Chapter 5. Storage Engines and Data Types - Part 3

by Michael Kruckenberg and Jay Pipes

From Pro MySQL, Berkeley, Apress, July 2005.

The InnoDB Storage Engine

The InnoDB storage engine³ addresses some of the drawbacks to the MyISAM storage engine. Namely, it provides enforcement of foreign key constraints and full ACID-compliant transaction processing abilities (see Chapter 3).

Much of InnoDB’s power is derived from its implementation of row-level locking through multiversion concurrency control (MVCC). Through MVCC, InnoDB has support for a number of transaction isolation levels, giving you control over how your transactions are processed. In the following sections, we’ll examine these transaction-processing capabilities, as well as InnoDB’s doublewrite log system, file and record formats, and buffers.

Enforcement of Foreign Key Relationships

InnoDB enforces the referential integrity of foreign key relationships at the database level. When a CREATE TABLE statement is issued with the FOREIGN KEY … REFERENCES clause, the parent table (REFERENCES table) is checked to verify the existence of a key when a record in the child table is inserted.

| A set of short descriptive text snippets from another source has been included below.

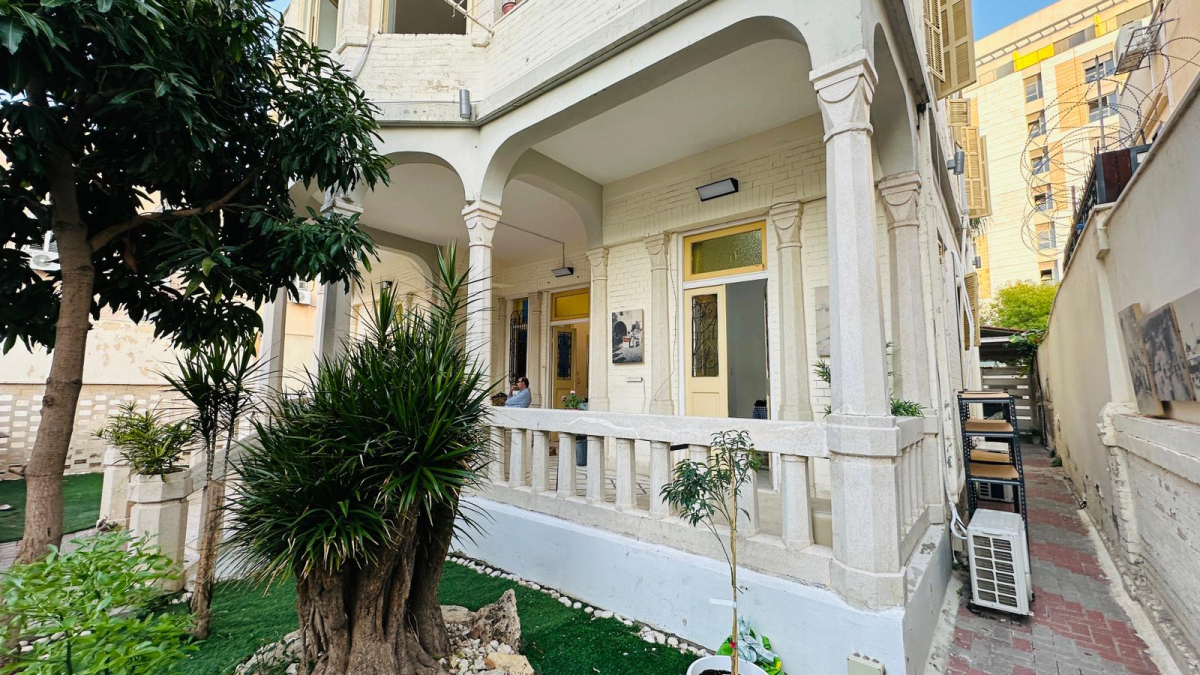 شاهد: جولة داخل بيت عائلة الأيوبي التاريخي في حي النزهة بيافا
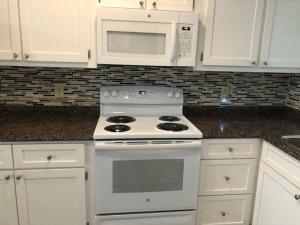 748P Z2b VILLAGE OF DEL MAR by REMAX Premier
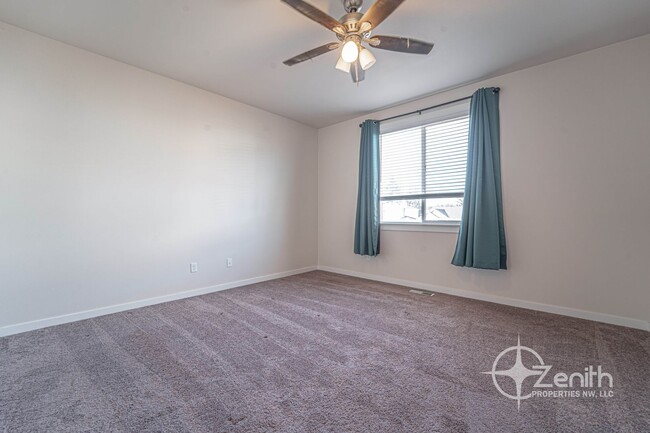 Building Photo - Move In By 12/31 + Pay No Rent Until Febru...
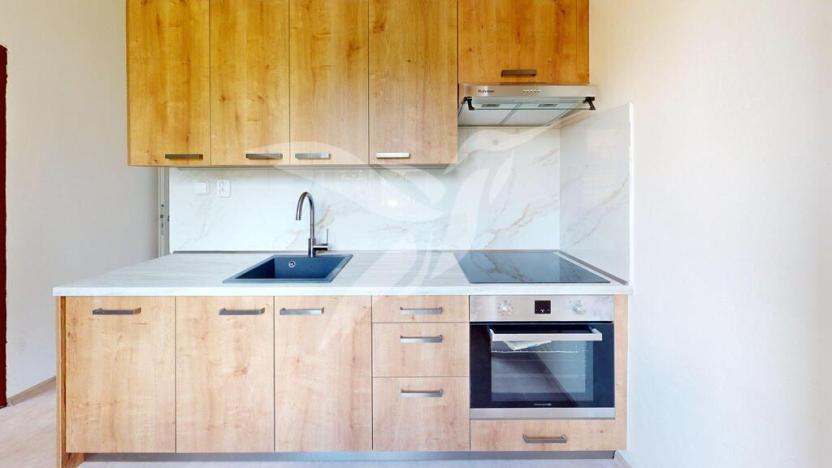 Pronájem bytu 2+1, Plzeň, Koterovská, 51 m2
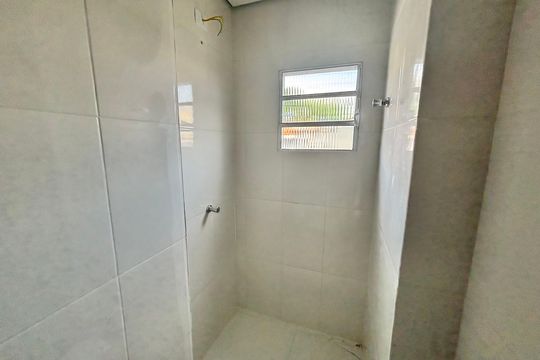 Banheiro de apartamento à venda com 2 quartos, 44m² em Parque Boturussu, São Paulo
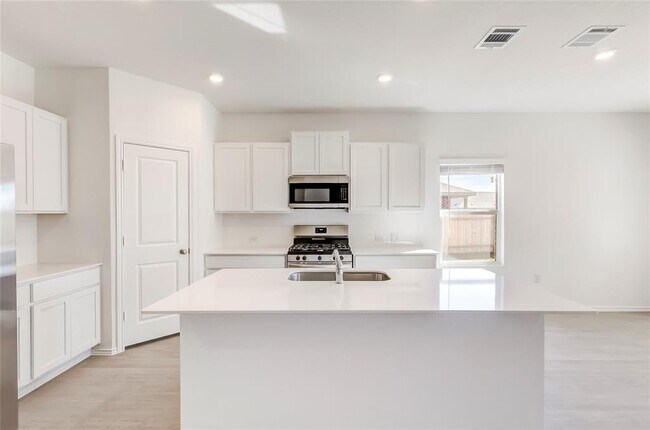 Building Photo - 102 Miglia St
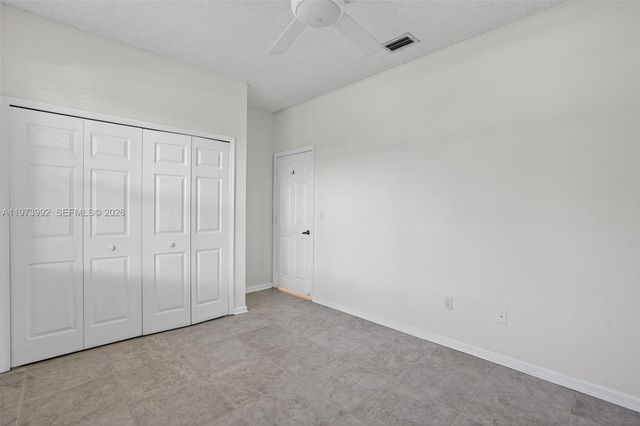 2385 SE 7th Pl, Homestead, FL 33033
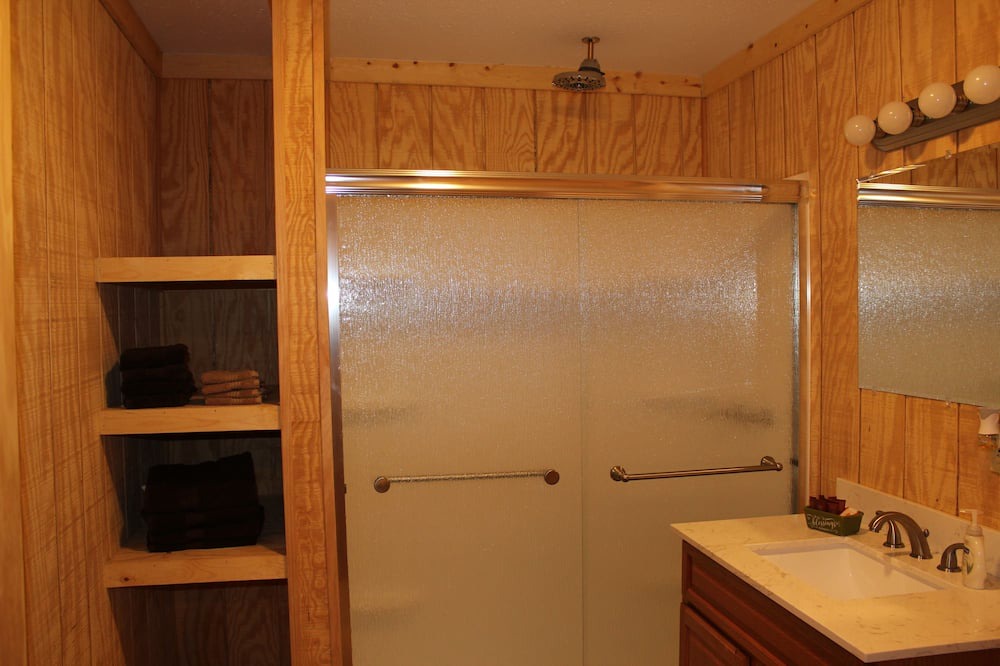 Photo of Bathroom in Goreville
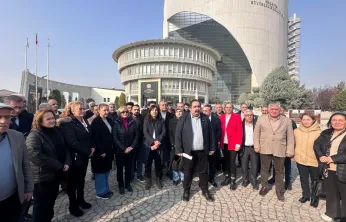 CHP'den Büyükşehir Belediyesi Önünde Kütüphane Açıklaması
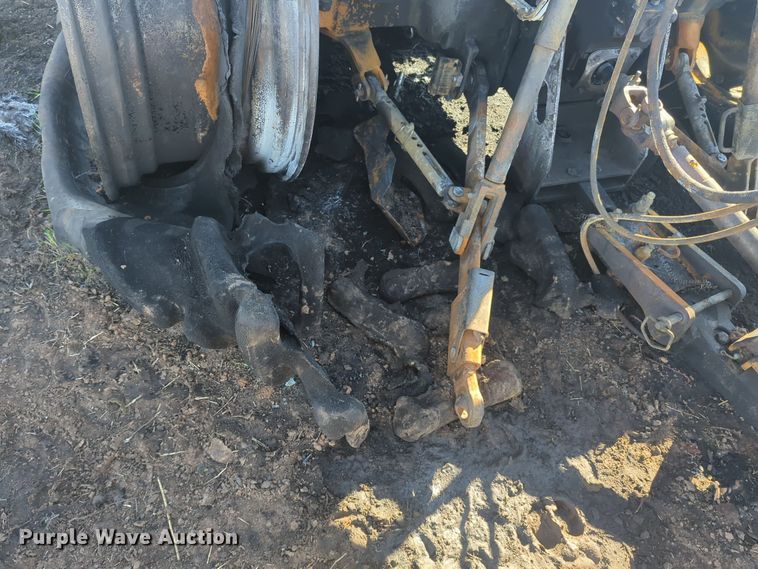 image for item EQ2486 2016 Case 120C MFWD tractor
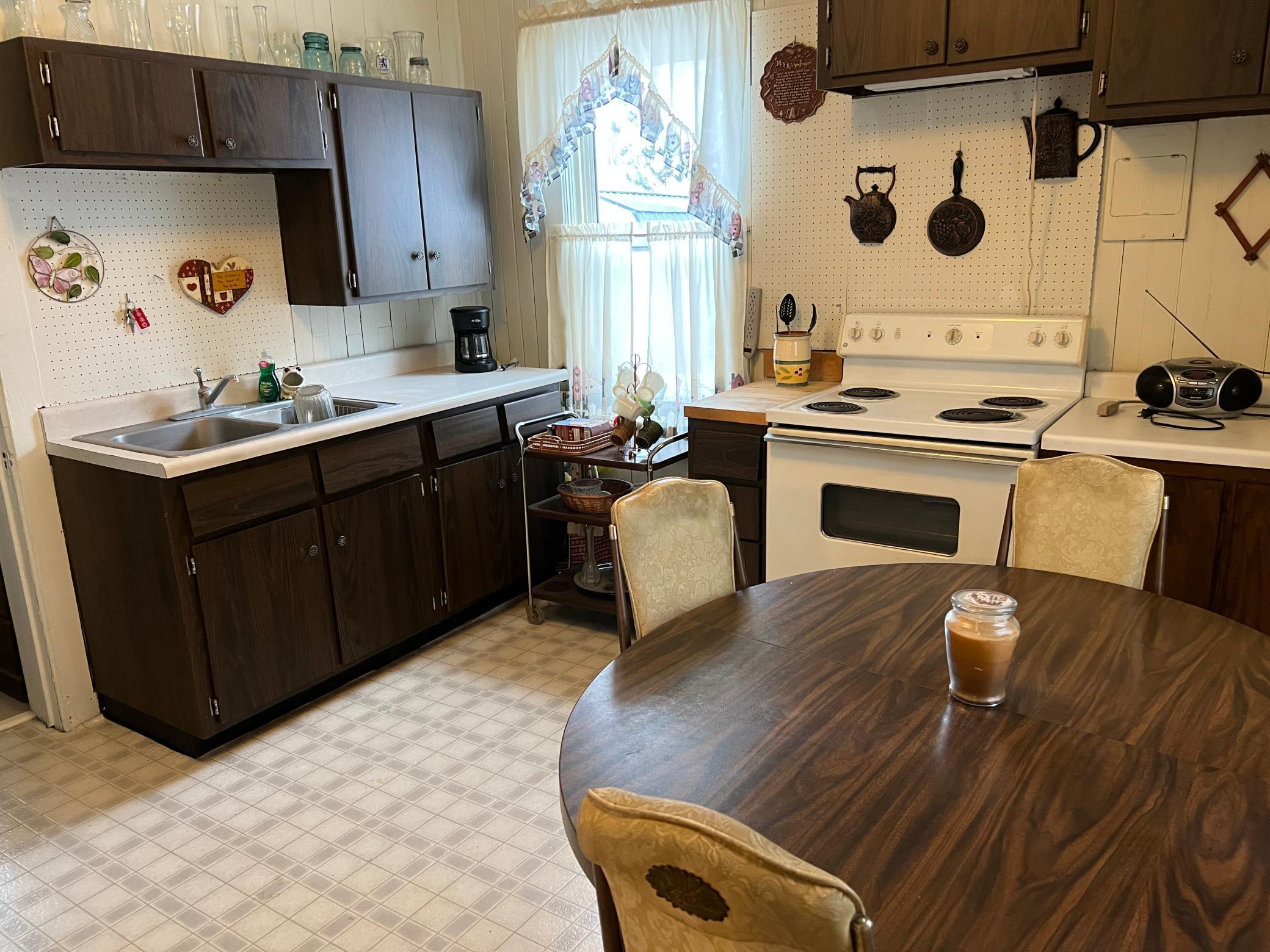 1175 3rd Avenue Cumberland, WI 54829 - Photo 5 of 14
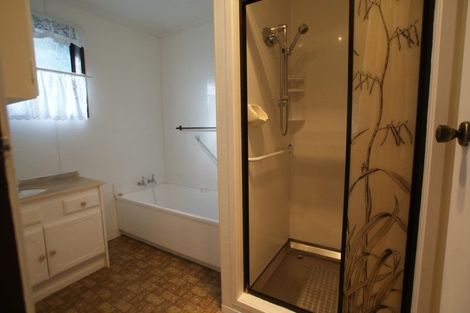 Photo of property in 2/4 Church Street, Onehunga, Auckland, 1061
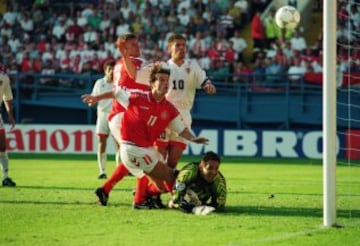 Dinamarca cayó eliminada después de evidenciar una falta de recambios para los veteranos que lograron la hazaña en 1992. Con la vigente campeona fuera, otras selecciones modestas parecieron decididas a coger su testigo. Ese fue el caso de Portugal y Croacia. Los lusos se clasificaron después de desplegar el mejor fútbol del torneo, mientras que los croatas basaron su pase en la calidad individual de sus jugadores. Ambas presentaron sus credenciales para suceder a los daneses en el palmarés. En la imagen, tiro al palo del danés Brian Laudrup ante Croacia. 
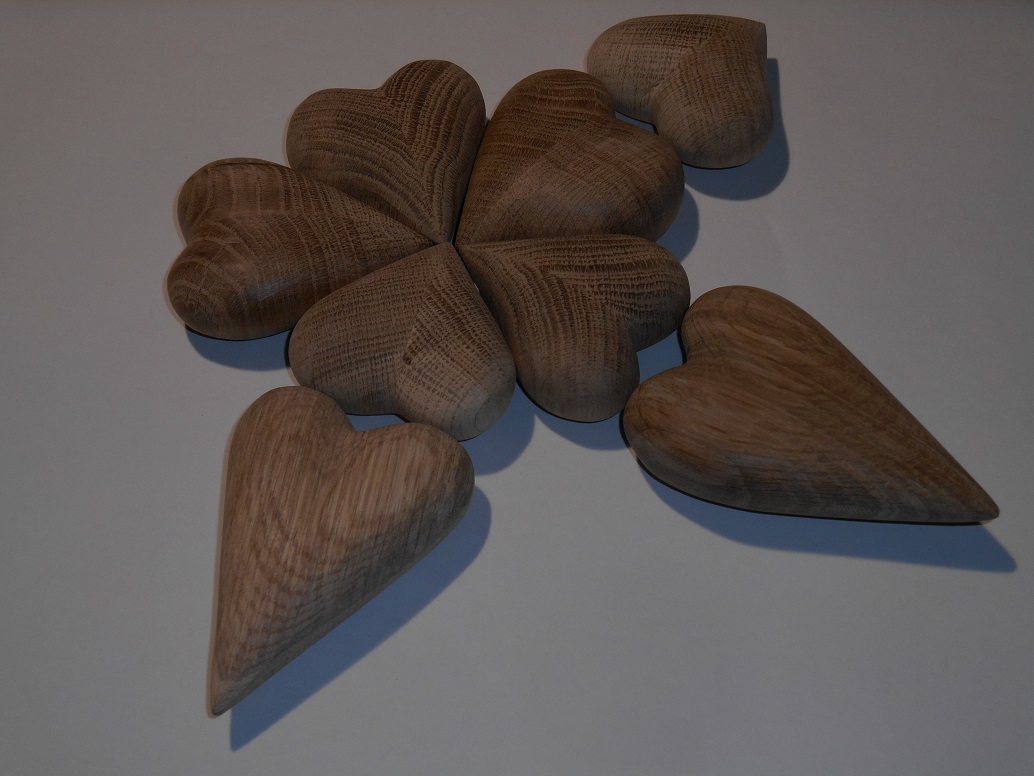 Dřevěné dubové srdce široké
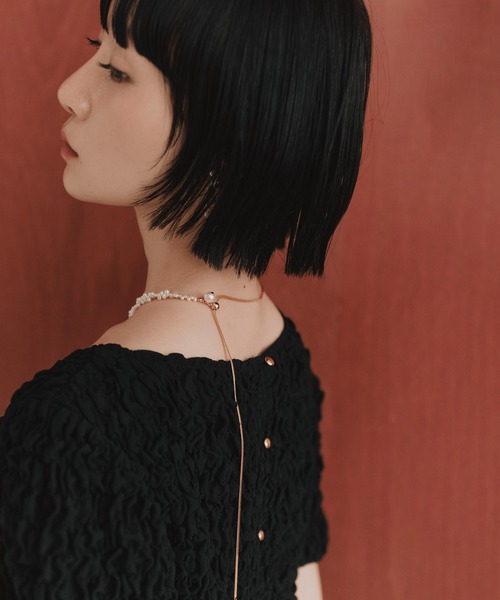 kaene(カエン)の「ウェーブラインパールネックレス(ネックレス・レディース・シルバー/ゴールド・FREE)」の5枚目の写真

A common example of this parent-child relationship, as we discussed in Chapter 1, is the Customer to CustomerOrder to CustomerOrderItem scenario. A customer can place zero or more orders. An order can contain one or more order details. In order to enforce the relationship, we would issue the statements in Listing 5-1. Note that the parent tables must be created first, before any foreign keys reference them, and the parent tables must have a unique index containing the columns referenced in the FOREIGN KEY clause. Additionally, all data types must be identical on both sides of the relationship.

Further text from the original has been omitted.